━━━━━ Records to process ━━━━━

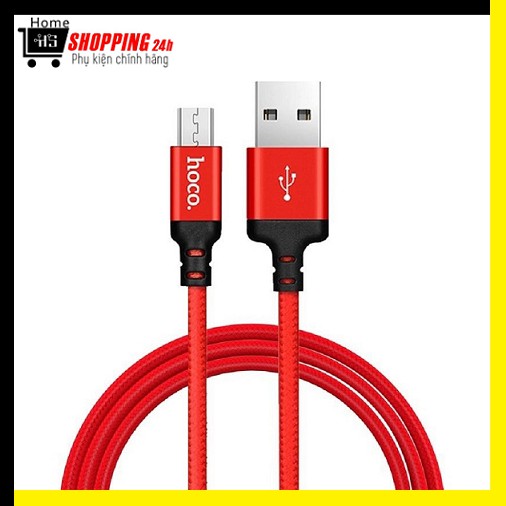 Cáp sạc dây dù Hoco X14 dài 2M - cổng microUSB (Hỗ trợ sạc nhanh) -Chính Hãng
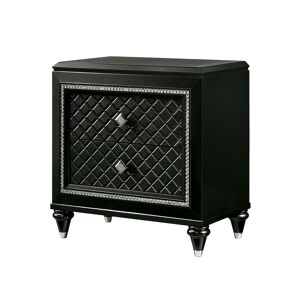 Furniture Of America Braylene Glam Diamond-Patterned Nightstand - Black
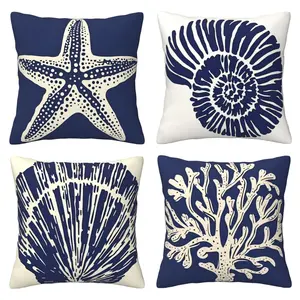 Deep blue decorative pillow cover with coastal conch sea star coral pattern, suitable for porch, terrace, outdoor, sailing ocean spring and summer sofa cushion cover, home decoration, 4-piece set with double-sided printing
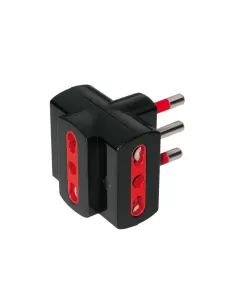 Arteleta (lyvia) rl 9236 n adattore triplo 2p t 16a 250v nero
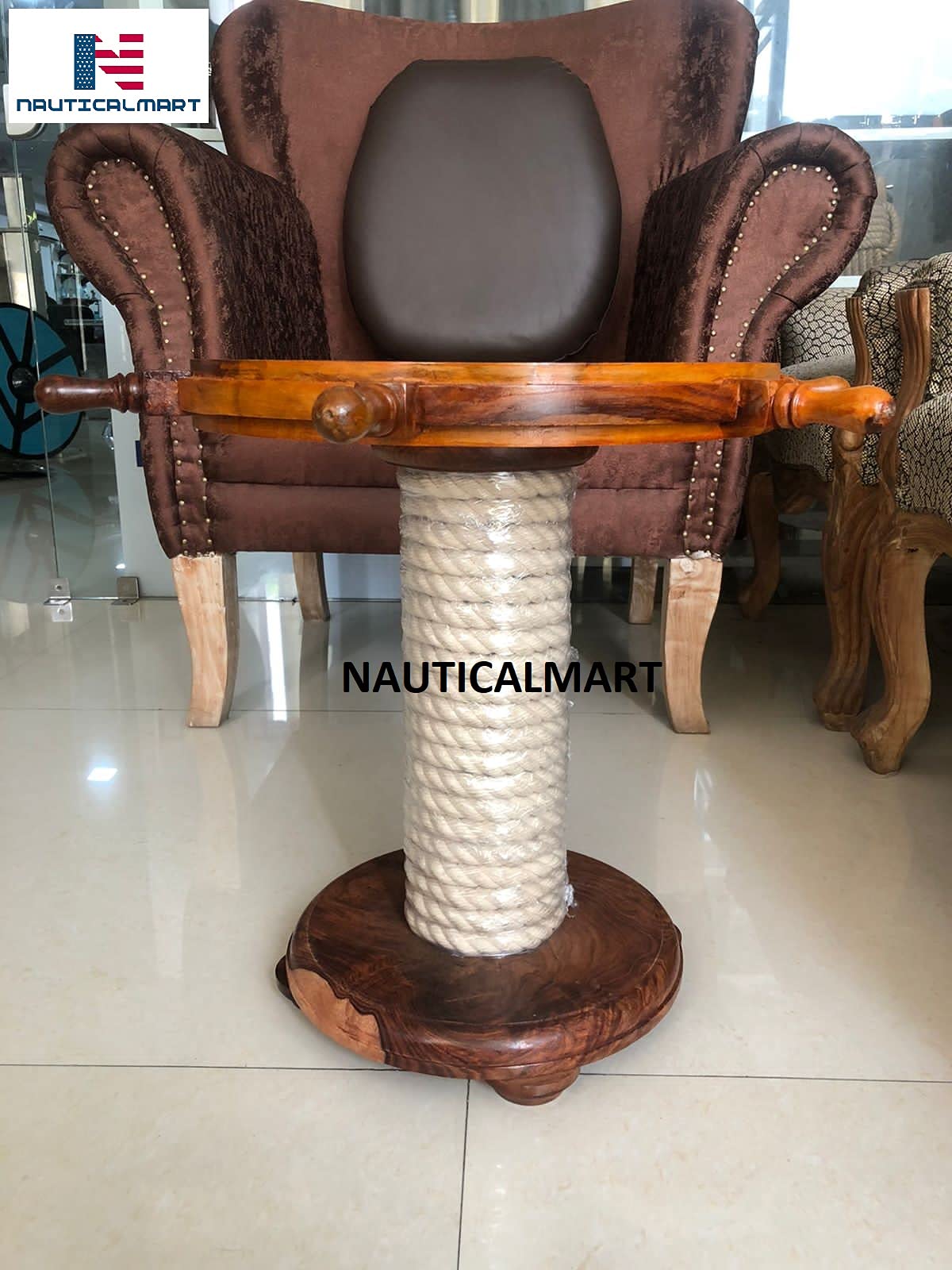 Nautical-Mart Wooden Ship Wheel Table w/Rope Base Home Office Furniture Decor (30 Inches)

━━━━━

:: What to produce ::
"Furniture Of America" marks the first line to copy, and "Arteleta (lyvia) rl" marks the last. Repeat that stretch above exactly, with no pictures.

:: Your response ::
 Furniture Of America Braylene Glam Diamond-Patterned Nightstand - Black
 Deep blue decorative pillow cover with coastal conch sea star coral pattern, suitable for porch, terrace, outdoor, sailing ocean spring and summer sofa cushion cover, home decoration, 4-piece set with double-sided printing
 Arteleta (lyvia) rl 9236 n adattore triplo 2p t 16a 250v nero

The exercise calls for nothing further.